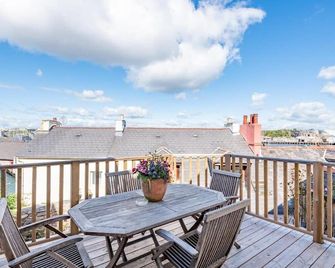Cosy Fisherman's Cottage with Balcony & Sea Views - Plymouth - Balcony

* * *

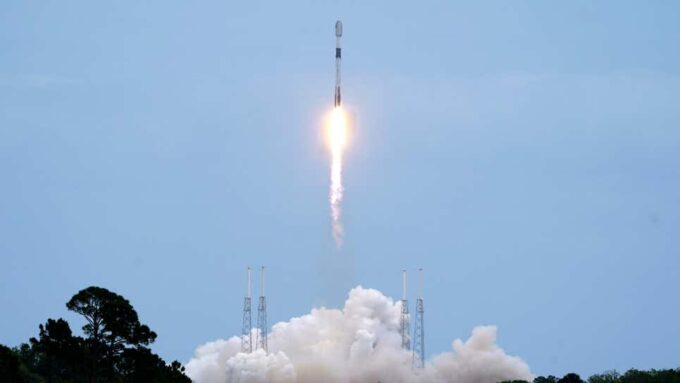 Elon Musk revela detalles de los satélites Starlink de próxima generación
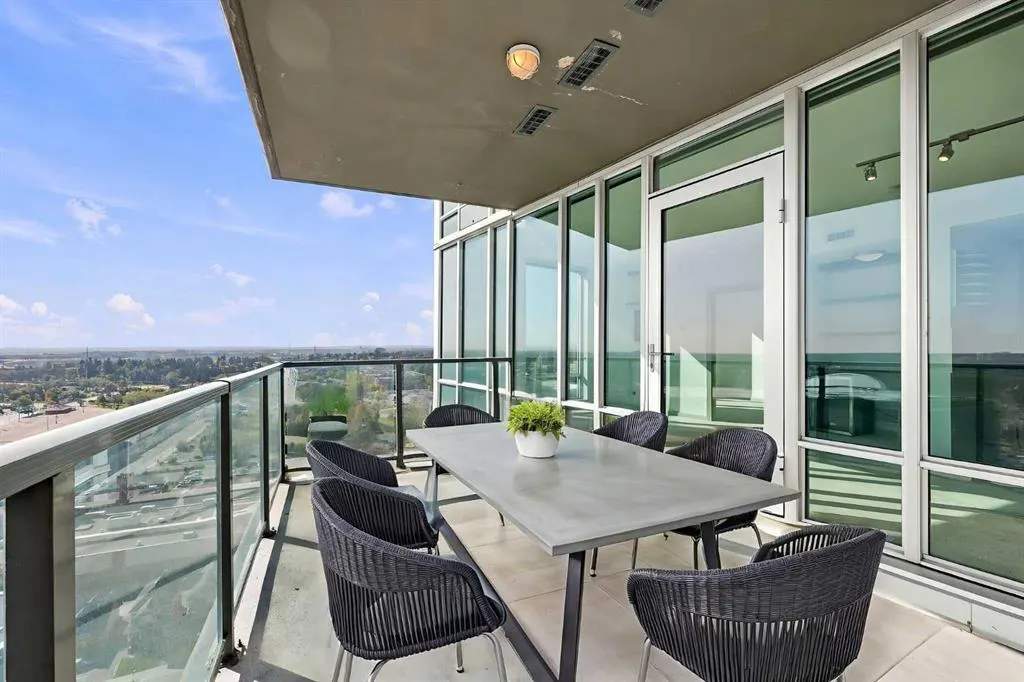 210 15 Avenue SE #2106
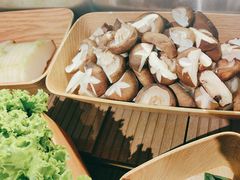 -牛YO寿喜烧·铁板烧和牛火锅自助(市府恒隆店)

* * *

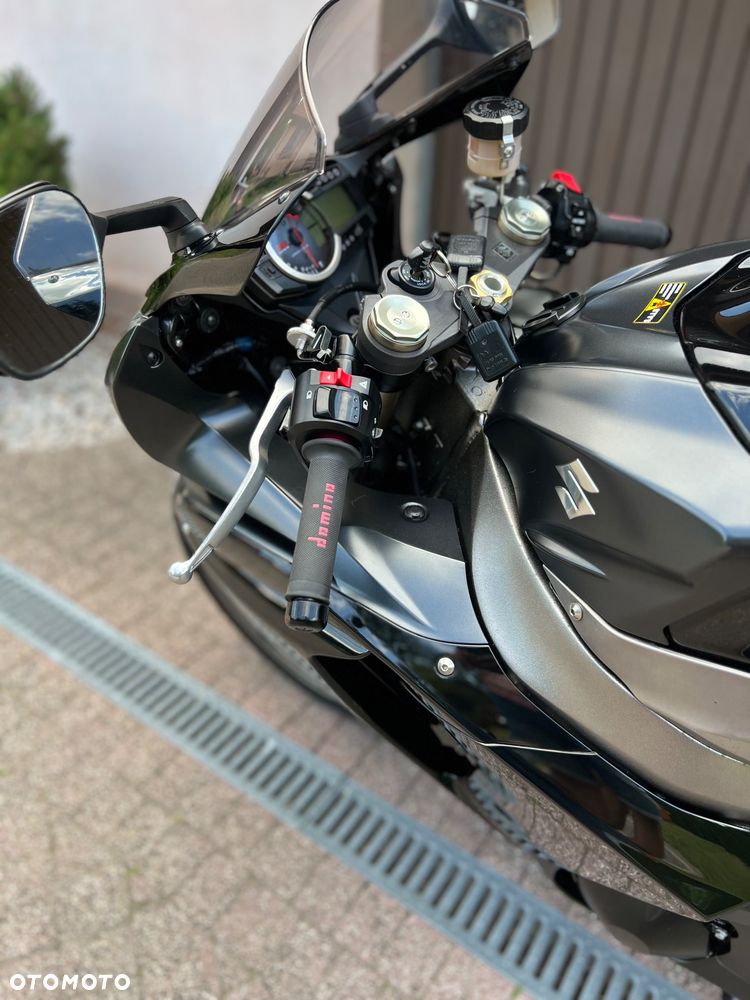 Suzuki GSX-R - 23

(What to produce) All pictures are to be skipped. Output, word for word, the lines in the data above starting at the line containing "Elon Musk revela" and ending at the line containing "-牛YO寿喜烧·铁板烧和牛火锅自助(市府恒隆店)".

(Output for this task)
 Elon Musk revela detalles de los satélites Starlink de próxima generación
 210 15 Avenue SE #2106
 -牛YO寿喜烧·铁板烧和牛火锅自助(市府恒隆店)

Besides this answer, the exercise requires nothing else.